» GIVEN DATA

**********

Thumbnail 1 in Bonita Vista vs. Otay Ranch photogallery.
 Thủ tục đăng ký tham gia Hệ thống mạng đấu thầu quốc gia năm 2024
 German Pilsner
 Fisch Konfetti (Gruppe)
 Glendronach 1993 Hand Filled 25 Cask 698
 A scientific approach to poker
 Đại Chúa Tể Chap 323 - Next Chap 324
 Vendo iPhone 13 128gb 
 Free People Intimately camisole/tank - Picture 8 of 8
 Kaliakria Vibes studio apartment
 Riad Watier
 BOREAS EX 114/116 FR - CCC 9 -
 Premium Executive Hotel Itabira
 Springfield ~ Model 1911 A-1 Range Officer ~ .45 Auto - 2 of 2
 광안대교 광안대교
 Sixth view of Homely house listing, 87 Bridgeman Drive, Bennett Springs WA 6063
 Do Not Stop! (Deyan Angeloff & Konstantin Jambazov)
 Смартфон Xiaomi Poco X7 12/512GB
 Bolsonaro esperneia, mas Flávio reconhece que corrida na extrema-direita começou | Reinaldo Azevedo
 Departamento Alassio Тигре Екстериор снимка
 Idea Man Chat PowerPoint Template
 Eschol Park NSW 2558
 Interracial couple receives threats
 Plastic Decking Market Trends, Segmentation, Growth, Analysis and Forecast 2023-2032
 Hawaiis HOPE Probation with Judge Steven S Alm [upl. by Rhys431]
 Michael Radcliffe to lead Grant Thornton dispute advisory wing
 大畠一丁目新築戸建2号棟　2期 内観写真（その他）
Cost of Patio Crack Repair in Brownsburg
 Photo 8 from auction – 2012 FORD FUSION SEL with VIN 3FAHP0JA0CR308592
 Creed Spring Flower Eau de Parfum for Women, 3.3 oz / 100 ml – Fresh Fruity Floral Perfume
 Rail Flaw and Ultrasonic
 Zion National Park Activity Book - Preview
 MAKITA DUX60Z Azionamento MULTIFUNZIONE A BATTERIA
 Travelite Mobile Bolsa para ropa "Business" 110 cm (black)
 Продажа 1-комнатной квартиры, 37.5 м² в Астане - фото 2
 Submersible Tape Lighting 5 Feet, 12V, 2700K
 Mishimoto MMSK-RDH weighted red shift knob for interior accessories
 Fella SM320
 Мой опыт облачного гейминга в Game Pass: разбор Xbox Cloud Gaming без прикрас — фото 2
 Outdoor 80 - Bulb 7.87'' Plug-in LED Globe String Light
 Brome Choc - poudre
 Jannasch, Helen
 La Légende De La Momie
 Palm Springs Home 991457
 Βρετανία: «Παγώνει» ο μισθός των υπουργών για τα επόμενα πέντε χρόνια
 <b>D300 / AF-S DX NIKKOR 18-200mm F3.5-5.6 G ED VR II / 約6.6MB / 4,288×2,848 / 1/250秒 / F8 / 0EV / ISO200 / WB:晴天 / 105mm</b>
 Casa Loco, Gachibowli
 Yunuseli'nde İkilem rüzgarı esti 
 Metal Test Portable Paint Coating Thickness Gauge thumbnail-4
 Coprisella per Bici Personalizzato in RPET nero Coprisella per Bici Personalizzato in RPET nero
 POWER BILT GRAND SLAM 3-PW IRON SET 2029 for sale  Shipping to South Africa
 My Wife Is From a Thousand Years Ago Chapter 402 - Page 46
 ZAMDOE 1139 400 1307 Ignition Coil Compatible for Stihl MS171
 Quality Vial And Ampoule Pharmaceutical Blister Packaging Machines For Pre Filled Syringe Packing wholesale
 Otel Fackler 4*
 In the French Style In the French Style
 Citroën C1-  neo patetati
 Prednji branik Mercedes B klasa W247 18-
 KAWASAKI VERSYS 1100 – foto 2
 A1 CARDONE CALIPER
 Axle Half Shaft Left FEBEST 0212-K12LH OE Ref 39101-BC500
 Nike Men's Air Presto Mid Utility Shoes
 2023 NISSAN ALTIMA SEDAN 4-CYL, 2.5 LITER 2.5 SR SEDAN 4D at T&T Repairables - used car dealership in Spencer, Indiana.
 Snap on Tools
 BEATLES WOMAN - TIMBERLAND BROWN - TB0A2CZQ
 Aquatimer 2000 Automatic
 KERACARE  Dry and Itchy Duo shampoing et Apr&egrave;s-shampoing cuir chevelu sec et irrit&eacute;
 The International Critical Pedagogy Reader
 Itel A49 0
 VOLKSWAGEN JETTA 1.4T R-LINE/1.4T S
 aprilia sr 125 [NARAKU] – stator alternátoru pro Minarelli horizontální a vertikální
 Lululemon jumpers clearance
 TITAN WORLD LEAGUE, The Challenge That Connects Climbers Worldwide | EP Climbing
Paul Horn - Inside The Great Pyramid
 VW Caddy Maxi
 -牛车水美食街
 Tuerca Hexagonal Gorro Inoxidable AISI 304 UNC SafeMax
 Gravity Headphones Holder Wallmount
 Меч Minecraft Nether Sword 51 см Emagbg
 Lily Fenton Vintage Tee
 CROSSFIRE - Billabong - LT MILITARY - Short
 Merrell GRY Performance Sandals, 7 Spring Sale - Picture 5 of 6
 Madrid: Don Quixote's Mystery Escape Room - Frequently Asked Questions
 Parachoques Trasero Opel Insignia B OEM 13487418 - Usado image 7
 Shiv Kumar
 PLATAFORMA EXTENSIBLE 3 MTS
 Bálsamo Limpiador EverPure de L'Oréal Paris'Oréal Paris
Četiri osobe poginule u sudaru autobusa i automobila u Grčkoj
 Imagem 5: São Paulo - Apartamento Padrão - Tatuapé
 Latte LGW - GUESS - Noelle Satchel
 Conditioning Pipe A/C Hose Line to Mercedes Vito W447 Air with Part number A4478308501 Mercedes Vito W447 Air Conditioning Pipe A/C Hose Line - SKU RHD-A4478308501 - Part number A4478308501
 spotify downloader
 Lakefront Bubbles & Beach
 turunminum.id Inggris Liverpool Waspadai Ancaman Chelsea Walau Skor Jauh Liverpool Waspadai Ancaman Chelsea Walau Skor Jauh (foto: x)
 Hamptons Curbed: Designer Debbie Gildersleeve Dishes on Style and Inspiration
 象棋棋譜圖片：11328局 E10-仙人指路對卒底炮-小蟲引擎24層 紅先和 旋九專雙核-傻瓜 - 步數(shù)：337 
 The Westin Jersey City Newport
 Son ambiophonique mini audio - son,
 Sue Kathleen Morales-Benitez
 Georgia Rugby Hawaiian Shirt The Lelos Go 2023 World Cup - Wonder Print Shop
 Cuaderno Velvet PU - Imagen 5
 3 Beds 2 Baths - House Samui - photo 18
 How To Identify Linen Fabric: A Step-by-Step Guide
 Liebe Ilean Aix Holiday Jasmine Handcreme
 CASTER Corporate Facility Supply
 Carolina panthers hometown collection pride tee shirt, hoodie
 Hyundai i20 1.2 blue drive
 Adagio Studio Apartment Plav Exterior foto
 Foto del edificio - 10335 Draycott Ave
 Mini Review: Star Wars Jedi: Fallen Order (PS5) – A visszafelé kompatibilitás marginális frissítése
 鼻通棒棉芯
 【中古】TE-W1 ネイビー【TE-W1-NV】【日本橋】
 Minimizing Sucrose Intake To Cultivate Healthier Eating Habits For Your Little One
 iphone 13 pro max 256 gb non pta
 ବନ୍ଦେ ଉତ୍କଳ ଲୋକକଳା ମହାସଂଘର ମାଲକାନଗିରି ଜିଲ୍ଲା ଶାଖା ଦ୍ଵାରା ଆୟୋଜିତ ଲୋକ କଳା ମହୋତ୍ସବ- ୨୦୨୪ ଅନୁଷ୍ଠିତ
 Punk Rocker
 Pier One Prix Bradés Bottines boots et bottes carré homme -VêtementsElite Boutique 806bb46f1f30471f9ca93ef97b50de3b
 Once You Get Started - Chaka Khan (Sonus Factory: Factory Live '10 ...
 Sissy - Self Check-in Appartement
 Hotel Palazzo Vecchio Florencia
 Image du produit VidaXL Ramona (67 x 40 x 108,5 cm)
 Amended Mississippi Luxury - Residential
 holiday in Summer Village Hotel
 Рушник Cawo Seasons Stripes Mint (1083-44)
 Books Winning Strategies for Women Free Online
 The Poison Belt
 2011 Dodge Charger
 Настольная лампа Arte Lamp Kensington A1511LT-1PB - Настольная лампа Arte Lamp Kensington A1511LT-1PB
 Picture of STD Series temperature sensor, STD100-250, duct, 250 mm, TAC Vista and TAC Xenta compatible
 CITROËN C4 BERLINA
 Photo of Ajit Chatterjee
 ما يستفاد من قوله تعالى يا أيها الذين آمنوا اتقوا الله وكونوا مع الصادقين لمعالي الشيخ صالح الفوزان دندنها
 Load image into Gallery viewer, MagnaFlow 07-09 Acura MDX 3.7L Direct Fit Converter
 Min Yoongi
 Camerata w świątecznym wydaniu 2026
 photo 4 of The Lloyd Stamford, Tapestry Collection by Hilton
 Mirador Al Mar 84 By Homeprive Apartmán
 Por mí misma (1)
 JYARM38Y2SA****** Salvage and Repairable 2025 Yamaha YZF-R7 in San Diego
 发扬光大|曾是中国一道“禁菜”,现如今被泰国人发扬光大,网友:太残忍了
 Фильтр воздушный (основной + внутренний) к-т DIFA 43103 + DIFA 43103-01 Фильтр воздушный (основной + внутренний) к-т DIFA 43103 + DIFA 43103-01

**********

» PROBLEM TO WORK ON
Please reproduce, exactly as they appear above, the lines from the line containing "Rail Flaw and Ultrasonic" up to and including the line containing "Lululemon jumpers clearance".

» ANSWER FOR THE TASK
 Rail Flaw and Ultrasonic
 Zion National Park Activity Book - Preview
 MAKITA DUX60Z Azionamento MULTIFUNZIONE A BATTERIA
 Travelite Mobile Bolsa para ropa "Business" 110 cm (black)
 Продажа 1-комнатной квартиры, 37.5 м² в Астане - фото 2
 Submersible Tape Lighting 5 Feet, 12V, 2700K
 Mishimoto MMSK-RDH weighted red shift knob for interior accessories
 Fella SM320
 Мой опыт облачного гейминга в Game Pass: разбор Xbox Cloud Gaming без прикрас — фото 2
 Outdoor 80 - Bulb 7.87'' Plug-in LED Globe String Light
 Brome Choc - poudre
 Jannasch, Helen
 La Légende De La Momie
 Palm Springs Home 991457
 Βρετανία: «Παγώνει» ο μισθός των υπουργών για τα επόμενα πέντε χρόνια
 <b>D300 / AF-S DX NIKKOR 18-200mm F3.5-5.6 G ED VR II / 約6.6MB / 4,288×2,848 / 1/250秒 / F8 / 0EV / ISO200 / WB:晴天 / 105mm</b>
 Casa Loco, Gachibowli
 Yunuseli'nde İkilem rüzgarı esti 
 Metal Test Portable Paint Coating Thickness Gauge thumbnail-4
 Coprisella per Bici Personalizzato in RPET nero Coprisella per Bici Personalizzato in RPET nero
 POWER BILT GRAND SLAM 3-PW IRON SET 2029 for sale  Shipping to South Africa
 My Wife Is From a Thousand Years Ago Chapter 402 - Page 46
 ZAMDOE 1139 400 1307 Ignition Coil Compatible for Stihl MS171
 Quality Vial And Ampoule Pharmaceutical Blister Packaging Machines For Pre Filled Syringe Packing wholesale
 Otel Fackler 4*
 In the French Style In the French Style
 Citroën C1-  neo patetati
 Prednji branik Mercedes B klasa W247 18-
 KAWASAKI VERSYS 1100 – foto 2
 A1 CARDONE CALIPER
 Axle Half Shaft Left FEBEST 0212-K12LH OE Ref 39101-BC500
 Nike Men's Air Presto Mid Utility Shoes
 2023 NISSAN ALTIMA SEDAN 4-CYL, 2.5 LITER 2.5 SR SEDAN 4D at T&T Repairables - used car dealership in Spencer, Indiana.
 Snap on Tools
 BEATLES WOMAN - TIMBERLAND BROWN - TB0A2CZQ
 Aquatimer 2000 Automatic
 KERACARE  Dry and Itchy Duo shampoing et Apr&egrave;s-shampoing cuir chevelu sec et irrit&eacute;
 The International Critical Pedagogy Reader
 Itel A49 0
 VOLKSWAGEN JETTA 1.4T R-LINE/1.4T S
 aprilia sr 125 [NARAKU] – stator alternátoru pro Minarelli horizontální a vertikální
 Lululemon jumpers clearance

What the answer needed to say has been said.